#### [DATA SHOWN]
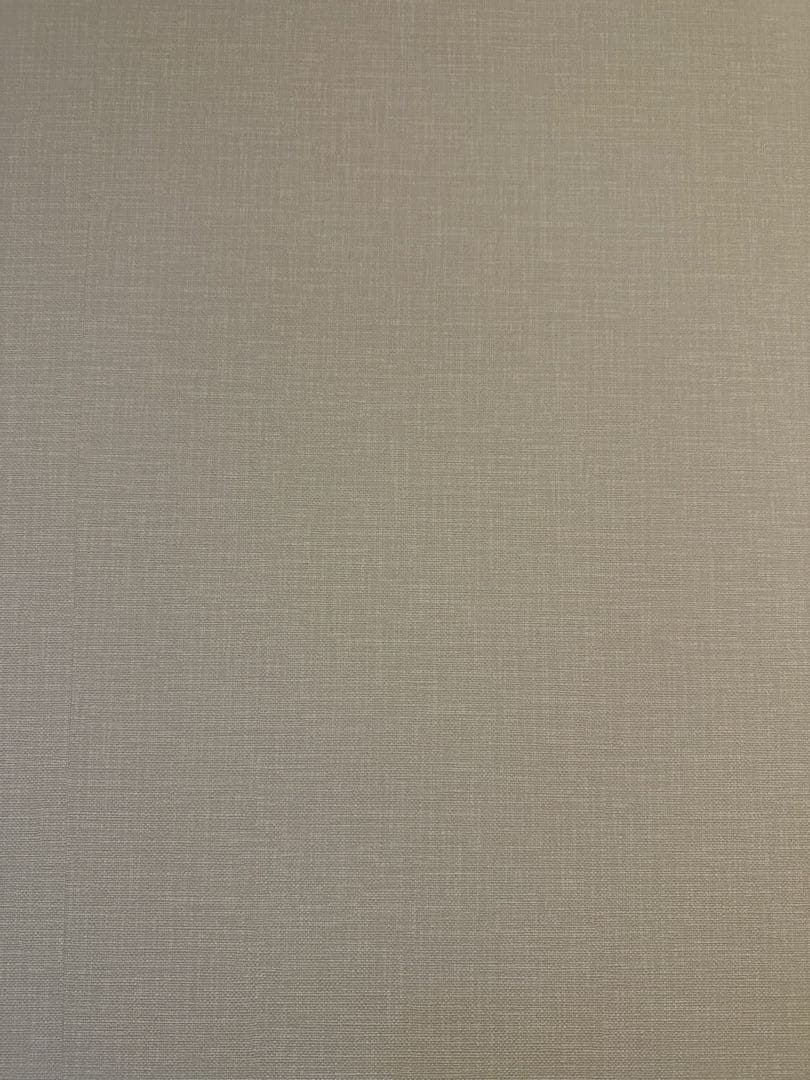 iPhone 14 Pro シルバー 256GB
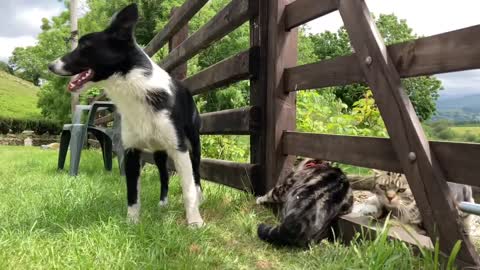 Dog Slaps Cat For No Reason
* * *
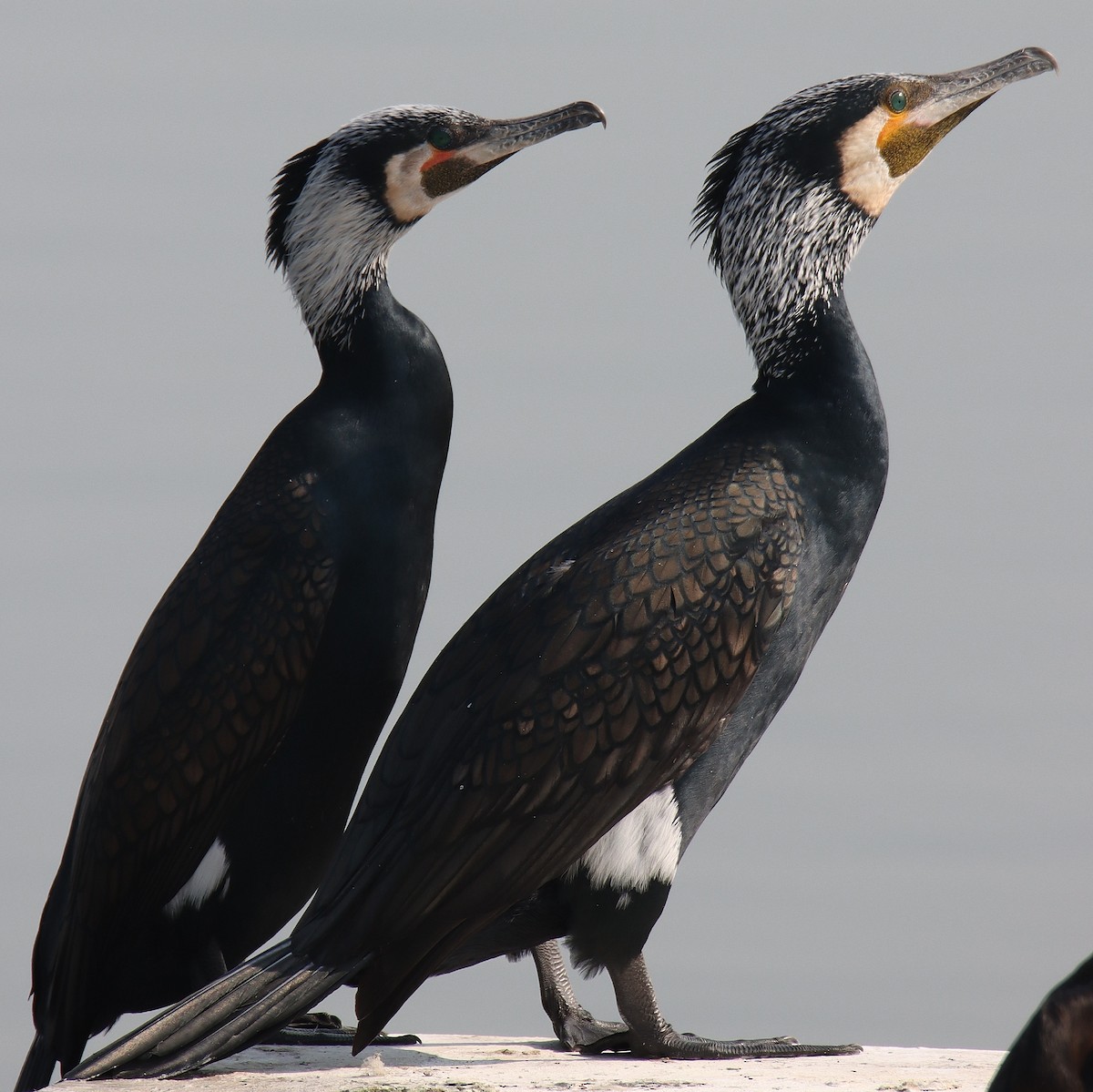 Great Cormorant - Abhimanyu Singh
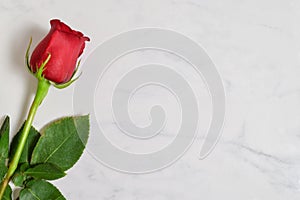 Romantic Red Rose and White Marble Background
--
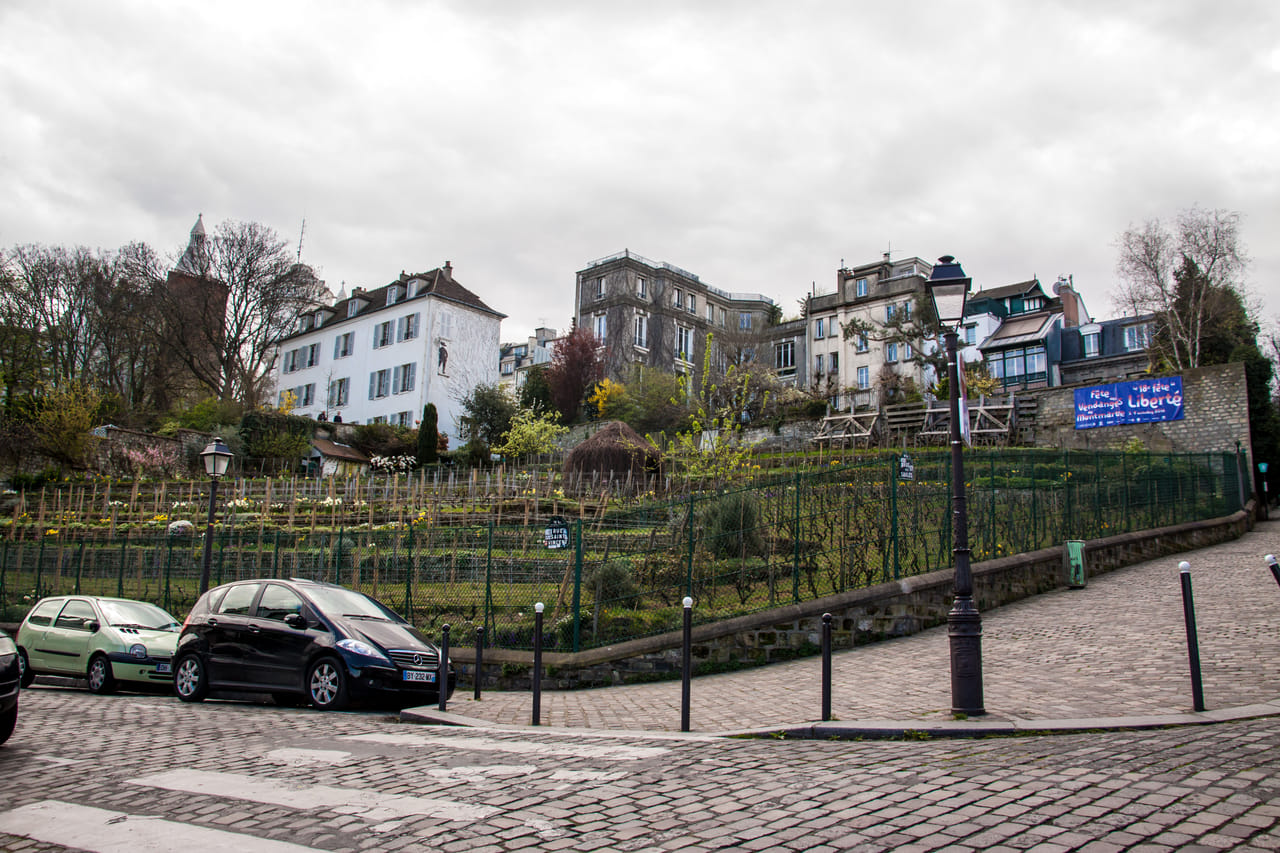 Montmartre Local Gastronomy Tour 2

#### [TASK TO CARRY OUT]
Though the entries above contain pictures, none should be copied; reproduce only the lines between the one holding "Great Cormorant - Abhimanyu Singh" and the one holding "Romantic Red Rose", inclusive, exactly as written.

#### [ANSWER TO THE PROBLEM]
 Great Cormorant - Abhimanyu Singh
 Romantic Red Rose and White Marble Background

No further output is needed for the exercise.